It’s a common image of the African savanna: vultures flocking to a carcass on the great plains. However, a new study has found that vulture populations are plummeting in Kenya’s Masai Mara National Reserve, a part of the Serengeti plains, due to habitat loss as well as the illegal killing of lions. Increasingly farmers and livestock owners have targeted lions and other big predators by poisoning livestock carcasses with toxic pesticides, such as Furadan. Not only illegal, such poisonings take their toll on other Serengeti wildlife, including vultures that perish after feeding on the laced carcasses.


“Staggering declines in abundance were found for seven of eight scavenging raptors surveyed,” said co-author Munir Virani, director of The Peregrine Fund’s Africa-based programs, in a press release. “Better land management and a ban on certain pesticides are needed to preserve these keystone members of the scavenging community.”
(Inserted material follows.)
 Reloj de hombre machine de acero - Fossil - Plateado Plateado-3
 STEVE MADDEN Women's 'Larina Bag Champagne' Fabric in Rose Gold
According to the study undertaken by the National Museums of Kenya and Princeton University in addition to the Peregrine Fund, vulture populations have fallen by up to 60 percent over 30 years. Given their findings, the study advised that three species be listed as Vulnerable on the IUCN Red List: African white-backed, Ruppell’s, and hooded vultures.



Although often considered unattractive by humans, vultures play a key role in ecosystems by consuming carcasses before they decay. This role as carcass recyclers lessens the chance of diseases spreading from carcasses to humans, livestock, or other wild animals. In fact, villagers who poison carcasses to save their livestock may in fact be endangering their livestock’s, and their own, lives by depleting beneficial vulture populations with pesticides like Furadan.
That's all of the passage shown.